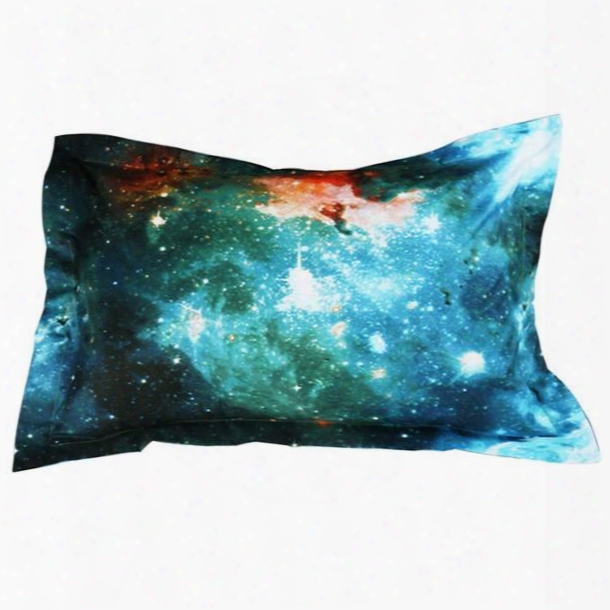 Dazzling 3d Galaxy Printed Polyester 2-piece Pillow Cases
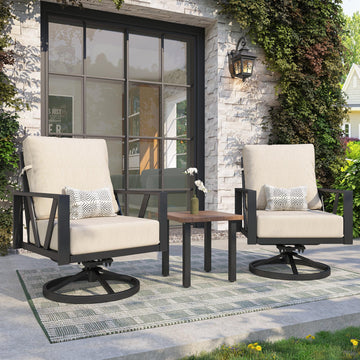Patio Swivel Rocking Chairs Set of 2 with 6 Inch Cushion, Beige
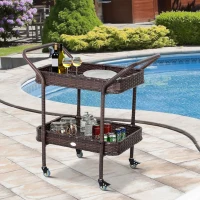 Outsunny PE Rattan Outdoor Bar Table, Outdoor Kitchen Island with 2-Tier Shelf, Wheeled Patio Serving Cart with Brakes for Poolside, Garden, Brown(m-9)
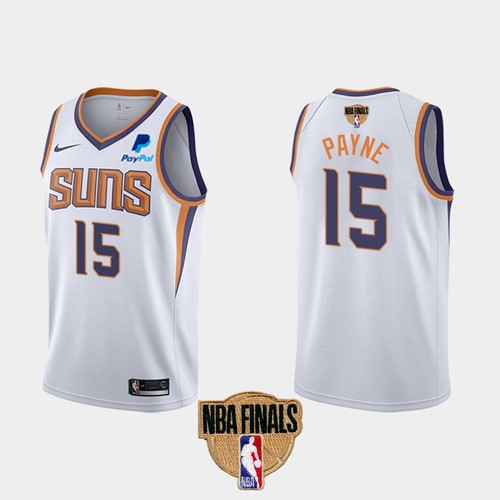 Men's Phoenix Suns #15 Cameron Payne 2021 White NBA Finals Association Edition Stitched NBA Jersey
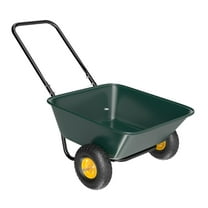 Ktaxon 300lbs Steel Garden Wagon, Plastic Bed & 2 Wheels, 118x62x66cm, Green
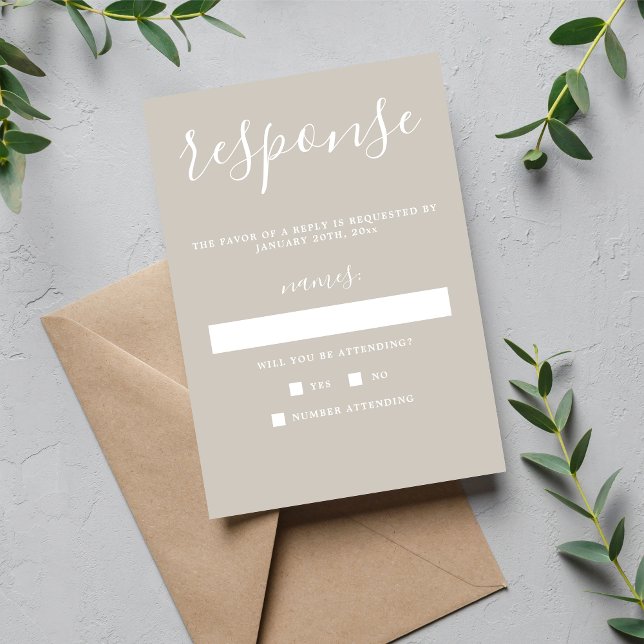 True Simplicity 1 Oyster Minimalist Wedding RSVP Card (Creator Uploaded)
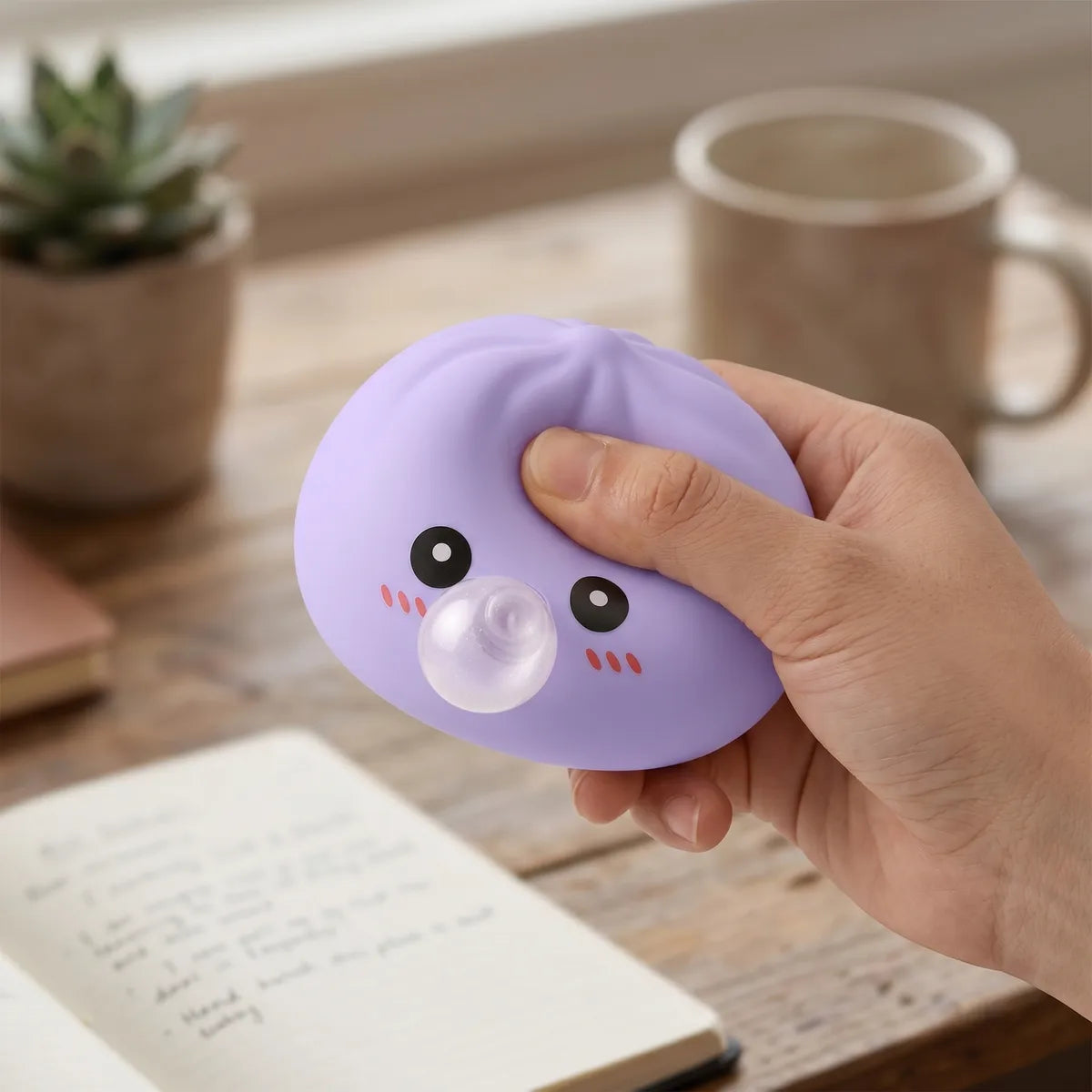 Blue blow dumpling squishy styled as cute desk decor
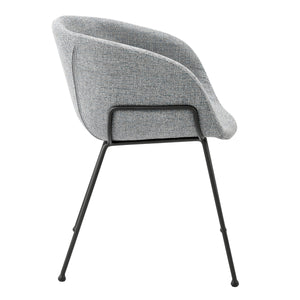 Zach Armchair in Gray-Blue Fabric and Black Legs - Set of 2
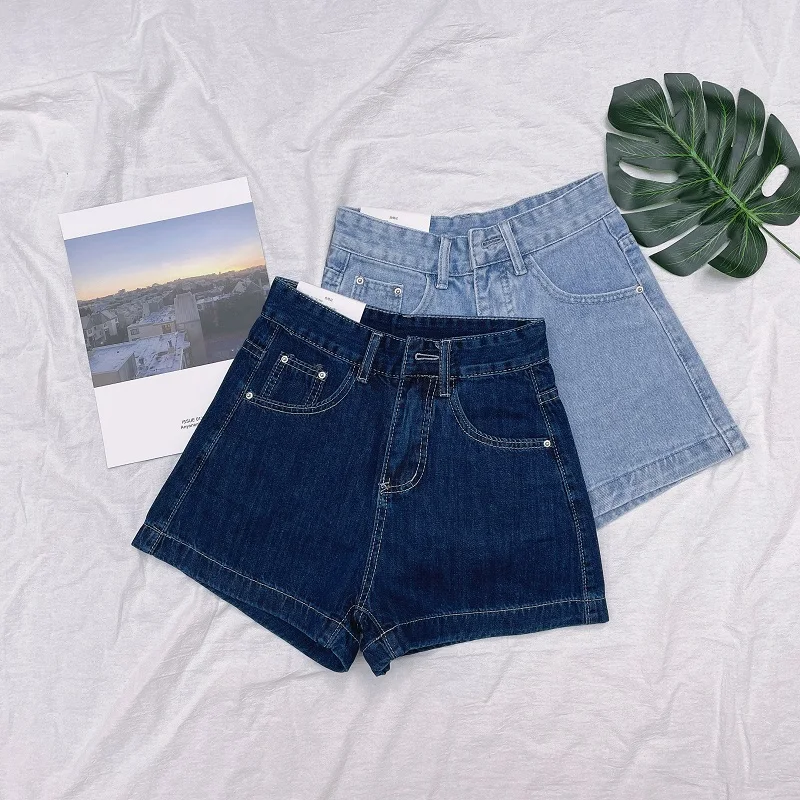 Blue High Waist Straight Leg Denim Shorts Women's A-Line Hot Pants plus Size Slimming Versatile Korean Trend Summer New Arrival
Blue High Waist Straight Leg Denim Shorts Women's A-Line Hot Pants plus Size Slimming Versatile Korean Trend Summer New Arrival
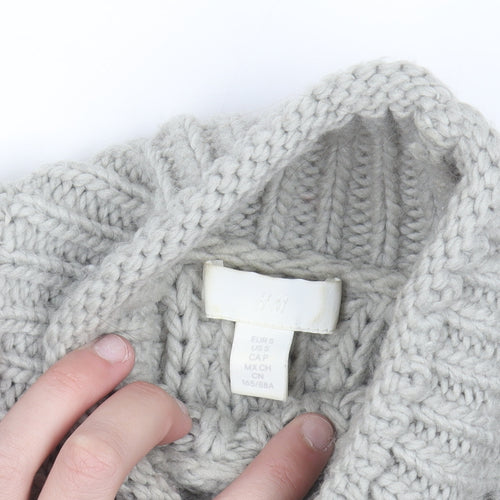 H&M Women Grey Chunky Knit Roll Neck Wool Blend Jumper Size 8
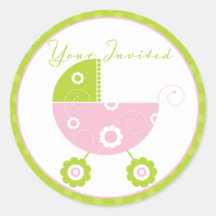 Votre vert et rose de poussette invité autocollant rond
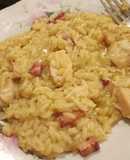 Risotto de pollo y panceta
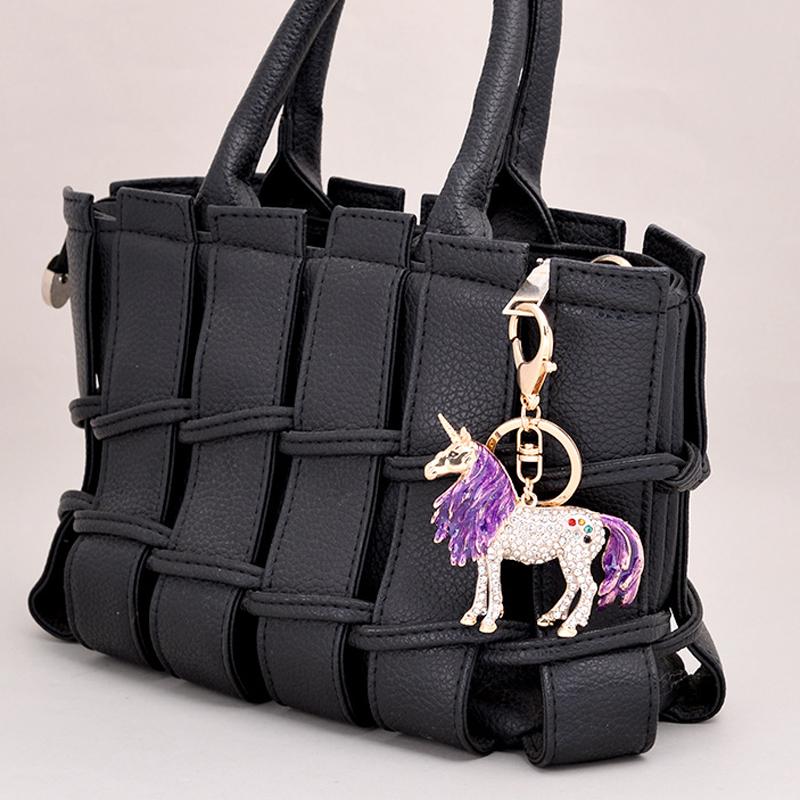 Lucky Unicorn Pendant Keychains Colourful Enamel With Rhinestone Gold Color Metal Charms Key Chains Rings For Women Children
------------------------------------------------------------------------
▸ Exercise details: Restate word for word every line from the one with "Patio Swivel Rocking" up to and including the one with "Men's Phoenix Suns" in the records above, minus the pictures.

▸ Result of this task:
Patio Swivel Rocking Chairs Set of 2 with 6 Inch Cushion, Beige
 Outsunny PE Rattan Outdoor Bar Table, Outdoor Kitchen Island with 2-Tier Shelf, Wheeled Patio Serving Cart with Brakes for Poolside, Garden, Brown(m-9)
 Men's Phoenix Suns #15 Cameron Payne 2021 White NBA Finals Association Edition Stitched NBA Jersey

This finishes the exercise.